This brings us to an entirely different group of agents that have always been superior to aspirin and NSAIDs for more serious or severe pain: the opioids. The World Health Organization has recently given its imprimatur to opioids for sustained use in serious non-malignant pain (primarily arthritis and musculoskeletal pain) [17]. Because of this, a world pain community, separate from the rheumatology community, has endorsed such use through newer long-acting release systems that allow 24-h pain control with opioids [18]. This approach has recently been reported to be safer, and to allow pain relief with opioids at lower doses [19]. This is part of a recent literature that deals with the problems of pseudo-addictive behaviour, breakthrough pain and poor dosage control with the older pattern of ad libitum/add-on use of opioids. This latter practice has been common in clinical rheumatology [1719]. Opioids, when properly and skilfully employed, often at moderate doses in arthritis, are virtually free of end-organ toxicity [20]. This is in marked contrast to the arthritis armamentarium that we use to treat a high-risk, chronically ill, elderly population.

Methotrexate is still the cornerstone of rheumatoid disease-modifying therapy. But for patients who do not respond to or cannot tolerate methotrexate, leflunomide has emerged as a viable new alternative [21]. In head-to-head comparisons it holds up well as an effective DMARD, with a therapeutic toxicity ratio approximately equivalent to that of methotrexate. However, it will be many years until we are able to compare leflunomide against methotrexate for long-term sustained therapy. Methotrexate has by far the most persuasive record of continuing efficacy of over a decade or more compared with other DMARDs [9]. Methotrexate in combination with leflunomide will also require long-term observation. Early results suggest that there may be concern with this combination, in that in some patients it may amplify the liver enzyme abnormalities common to both agents [22].

Combinations of three or more DMARDs have become the vogue in recent years [10]. However, none of these combinations has had a clearcut, specifically defined and corroborated advantage in efficacy in rheumatoid disease over the use of one or two agents alone [23]. Studies of the long-term outcome of the use of these combinations were faulted epidemiologically because of the varying disease stages and responses of the individual host subpopulations. In truth, these ever-changing combinations had all the scientific elegance of cluster bombing.

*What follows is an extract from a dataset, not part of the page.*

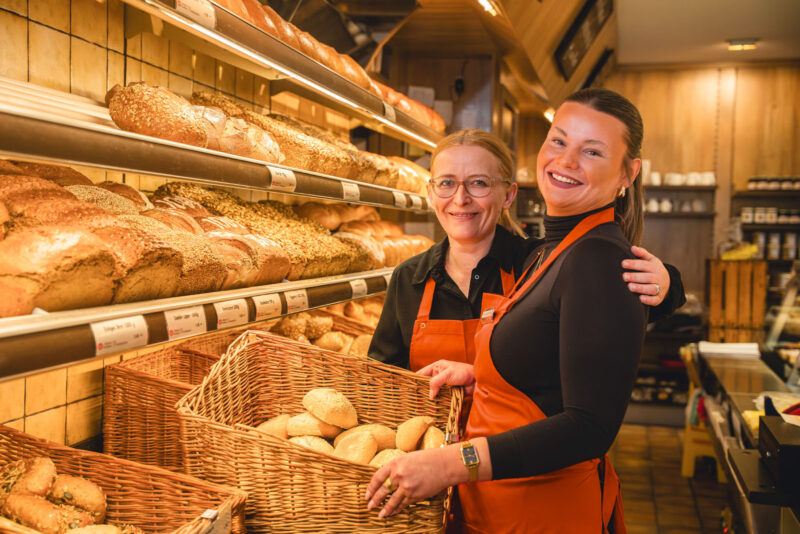 Zwei Mitarbeiterinnen der Bäckerei Dreimann in schwarzen Oberteilen und orangefarbenen Schürzen posieren lächelnd hinter dem Tresen, vor einem gefüllten Brötchenkorb und gut bestückten Brotregalen.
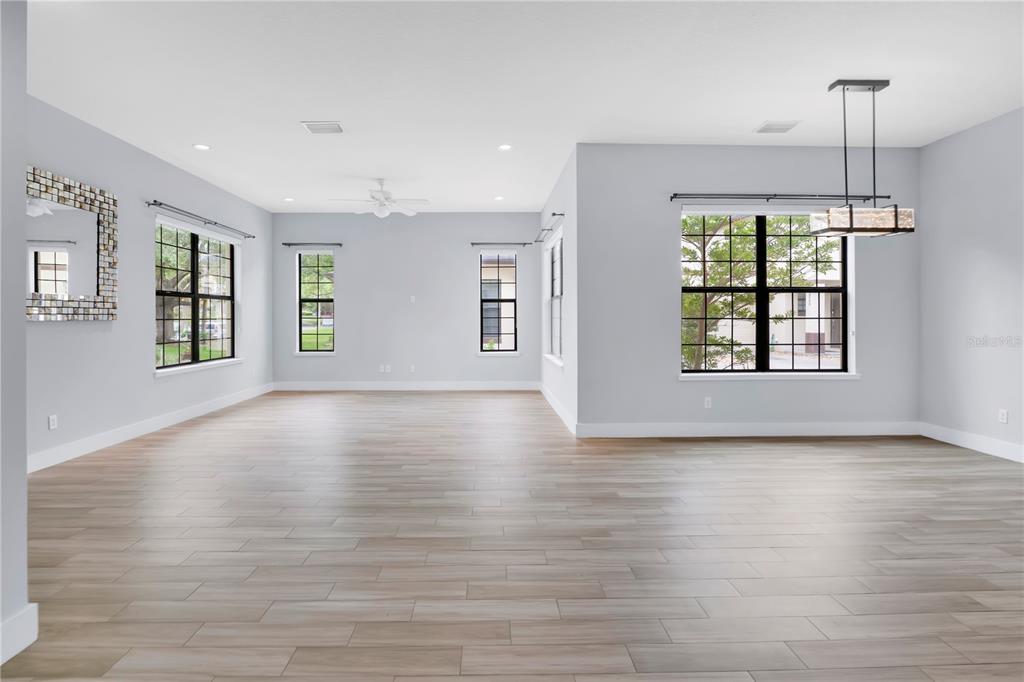 An empty, light-filled living area features gray walls, wood-look tile flooring, and a modern chandelier — 2251 NAIRN DRIVE, WINTER PARK, FL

Biologicals, in contrast, have entered the new millennium with the introduction of highly targeted molecules created to exploit the wonders of recombinant DNA. Now, with laser-like precision, new agents directed against tumour necrosis factor (TNF), interleukin 1 and CD4 have been tested successfully in RA [24]. Unfortunately anti-CD4 therapy has shown the terrifying potential of a man-made AIDS agent, with potential for seriously depleting the number of T cells [25].

Now that this in biological therapy has been added to the archives, anti-interleukin therapies have emerged successfully. A number of anti-TNF therapies (infliximab and etanercept) have now been approved and are being used successfully in clinical practice. These potent early treatments, however, raise the issue of the risk of sustained specific suppression by interleukins of the steady-state, harmonized biological backup systems that are normally needed for the correct working of a healthy, reactive immune system [26, 27]. There is thus a long-term threat of potent specific immunosuppression. Therefore, the high risk of infections proceeding to sepsis, and even death, in more vulnerable, chronically ill or very elderly treated subpopulations becomes of immediate concern in prioritizing and making choices among these treatments [26, 27]. The possibility of a targeted immune surveillance system with potential for leading to lymphomas or death in more vulnerable chronically ill or very elderly treated subpopulations is of immediate concern [24, 26] and must be monitored closely. This is especially true for a disease already prone to a high incidence of neoplasia.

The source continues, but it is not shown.